Now a father of two young daughters, he has a pressing interest in teaching children to interact more with music. When he was a child, the eldest of three, he said, his mother encouraged the kids to make music with household objects. He and a team of graduate students working with him are creating a program so kids can create symphonic sounds on a computer, by drawing colored strokes with a mouse.

During any number of off-the-wall projects, Media Lab people end up producing valuable technology that can be applied elsewhere. That's why scores of large companies sponsor the lab, from Compaq Computer Corp. and Intel Corp. to McDonald's Corp. and Levi Strauss & Co. Companies like Wall Street's Merrill Lynch & Co. have made multimillion-dollar grants, while others pay $200,000 to do projects at the lab and gain access to its research.

Kevin Teixeira, a spokesman for Intel, said the chipmaker supports the Media Lab because "you have access to new ideas. It's a place both to bring your own forward and to learn what advanced researchers are working on."

Similarly, Jim Walker, a Merrill Lynch managing director, said the company wants to keep its finger on the pulse of new technology. He got to know the lab in 1997, when he was managing Merrill's Boston-area offices and brought 50 of the firm's financial advisers in for a visit. He wanted them to soak up the lab's philosophy.

"The thing that truly matters in the future is relationships," Walker said. "Product becomes more cloudy."

Whether companies actually make money on their investment in the lab is unclear. The Media Lab is not the first stop at MIT for venture capitalists; they'd rather walk the halls of the Lab for Computer Science.

"The Media Lab makes whiz-bang stuff," said Todd Dagres, a general partner at Battery Ventures in Wellesley. But, he added: "We think the Lab for Computer Science creates a little more practical technology."

There's a kind of rivalry between the labs, investors and technology people say. The Media Lab takes a different approach than a typical engineering department at MIT. It's part of the School of Architecture, from which Nicholas Negroponte, the lab's cofounder and current chairman, graduated. According to Bender, the lab's director, that foundation has spawned an unusual approach to innovation, using architectural critique: The mantra, he said, is "We imagine and realize, critique and reflect, then iterate."

Negroponte spends most of his time these days traveling the globe, in an effort to start Media Lab projects in other countries. A European model was started in Ireland about a year ago, and there's a fledgling effort afoot in India. Talks are underway with countries in Latin America too.
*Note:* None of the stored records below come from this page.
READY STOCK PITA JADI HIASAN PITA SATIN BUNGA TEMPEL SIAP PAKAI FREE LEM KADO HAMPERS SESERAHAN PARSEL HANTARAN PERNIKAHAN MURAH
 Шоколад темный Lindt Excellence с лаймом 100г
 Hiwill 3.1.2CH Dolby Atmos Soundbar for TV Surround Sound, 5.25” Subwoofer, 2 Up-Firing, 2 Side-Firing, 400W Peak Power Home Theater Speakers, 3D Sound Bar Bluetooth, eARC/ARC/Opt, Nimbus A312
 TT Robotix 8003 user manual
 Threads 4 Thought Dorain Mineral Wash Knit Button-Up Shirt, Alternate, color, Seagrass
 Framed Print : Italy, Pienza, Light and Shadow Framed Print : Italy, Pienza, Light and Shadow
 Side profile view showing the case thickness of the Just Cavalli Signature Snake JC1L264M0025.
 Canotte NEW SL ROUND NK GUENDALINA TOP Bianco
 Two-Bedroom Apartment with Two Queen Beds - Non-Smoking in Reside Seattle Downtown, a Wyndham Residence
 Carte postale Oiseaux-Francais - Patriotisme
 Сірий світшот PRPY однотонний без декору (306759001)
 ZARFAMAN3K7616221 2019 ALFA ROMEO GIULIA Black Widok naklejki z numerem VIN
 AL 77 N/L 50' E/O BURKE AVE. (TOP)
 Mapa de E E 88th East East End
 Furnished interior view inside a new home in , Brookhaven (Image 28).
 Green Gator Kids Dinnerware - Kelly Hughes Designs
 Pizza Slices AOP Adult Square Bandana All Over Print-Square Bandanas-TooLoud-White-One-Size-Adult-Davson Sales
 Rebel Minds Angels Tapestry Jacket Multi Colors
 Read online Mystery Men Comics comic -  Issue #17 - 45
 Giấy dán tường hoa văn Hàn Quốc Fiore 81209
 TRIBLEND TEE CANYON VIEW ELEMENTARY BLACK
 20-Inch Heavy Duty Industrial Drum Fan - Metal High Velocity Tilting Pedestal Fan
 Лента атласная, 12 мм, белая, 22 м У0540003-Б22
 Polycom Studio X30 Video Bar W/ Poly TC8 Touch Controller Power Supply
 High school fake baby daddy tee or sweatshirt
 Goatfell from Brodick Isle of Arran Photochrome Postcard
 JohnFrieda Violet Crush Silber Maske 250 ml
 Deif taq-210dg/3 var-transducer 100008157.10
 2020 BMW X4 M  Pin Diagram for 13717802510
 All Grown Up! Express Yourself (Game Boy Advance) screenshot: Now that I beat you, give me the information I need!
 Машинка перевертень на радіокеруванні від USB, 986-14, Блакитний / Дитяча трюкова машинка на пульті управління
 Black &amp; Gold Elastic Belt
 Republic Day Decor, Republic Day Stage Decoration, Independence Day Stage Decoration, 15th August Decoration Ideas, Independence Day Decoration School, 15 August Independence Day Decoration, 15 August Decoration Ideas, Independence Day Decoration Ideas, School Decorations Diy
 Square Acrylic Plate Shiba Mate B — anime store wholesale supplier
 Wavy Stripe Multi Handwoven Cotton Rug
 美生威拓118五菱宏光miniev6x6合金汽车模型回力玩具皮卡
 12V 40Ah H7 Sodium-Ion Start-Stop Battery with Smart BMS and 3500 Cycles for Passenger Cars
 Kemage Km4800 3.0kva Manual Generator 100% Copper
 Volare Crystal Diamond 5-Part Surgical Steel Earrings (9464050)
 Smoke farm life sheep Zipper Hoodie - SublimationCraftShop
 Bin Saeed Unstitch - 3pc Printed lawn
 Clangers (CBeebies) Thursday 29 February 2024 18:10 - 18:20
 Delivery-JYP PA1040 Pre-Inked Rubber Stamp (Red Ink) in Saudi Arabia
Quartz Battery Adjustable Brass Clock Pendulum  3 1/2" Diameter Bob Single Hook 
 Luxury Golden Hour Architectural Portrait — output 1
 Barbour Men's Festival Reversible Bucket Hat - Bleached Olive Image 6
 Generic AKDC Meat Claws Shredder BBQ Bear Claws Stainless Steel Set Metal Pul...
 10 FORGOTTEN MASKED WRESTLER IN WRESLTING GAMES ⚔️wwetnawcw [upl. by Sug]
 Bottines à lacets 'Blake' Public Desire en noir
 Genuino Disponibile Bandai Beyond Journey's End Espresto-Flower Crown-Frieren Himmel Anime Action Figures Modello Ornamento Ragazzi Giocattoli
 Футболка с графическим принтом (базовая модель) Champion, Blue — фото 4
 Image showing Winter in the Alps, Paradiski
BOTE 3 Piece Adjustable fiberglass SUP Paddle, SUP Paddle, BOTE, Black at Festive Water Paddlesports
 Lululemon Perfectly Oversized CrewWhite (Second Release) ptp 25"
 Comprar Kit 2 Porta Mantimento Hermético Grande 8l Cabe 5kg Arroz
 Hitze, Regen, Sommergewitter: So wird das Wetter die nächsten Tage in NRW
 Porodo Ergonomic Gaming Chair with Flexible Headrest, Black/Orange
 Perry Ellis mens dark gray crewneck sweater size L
Now that it's a quarter-century old, there are questions about the future of the Media Lab and what shape it will take in the coming years. Where Negroponte and his cofounder, former MIT president Jerome B. Wiesner, grew famous for predicting quite accurately the convergence in 2000 of computing, publishing, and broadcast (think Internet), there's not one clear vision for the next 25 years.

There is a fairly consistent message, however, that comes from nearly every person one encounters at the lab: education. Said Bender: "The future is not an e-revolution. It's an l-revolution. It's a learning revolution that needs to come about."

The lab has a $36 million annual budget - not a penny of which comes from the university. That despite the fact the lab confers degrees in media, arts & sciences in MIT's name. That independent tradition goes back to the early days, spokeswoman Alexandra Kahn said, when Negroponte believed intellectual freedom would come only if the lab was beholden to no part of the academic bureaucracy. Corporations provide 90 percent of the funding, with government and other grants picking up the rest of the tab.

The new center is counting in part on a generous grant from a New York investment executive, Alberto Vilar, founder of Amerindo Investment Advisors. Vilar has spoken publicly of his intentions to make the gift, but the deal is not yet official, the school says.

Machover hopes to see his new group hire more experts in broad fields of art and performance. He wants to see more performances. And he hopes to see more children and adults learning as a result of tools that come out of the lab.

"Everybody here wants to be involved in activities that make a difference in people's lives - the quality of lives," he said.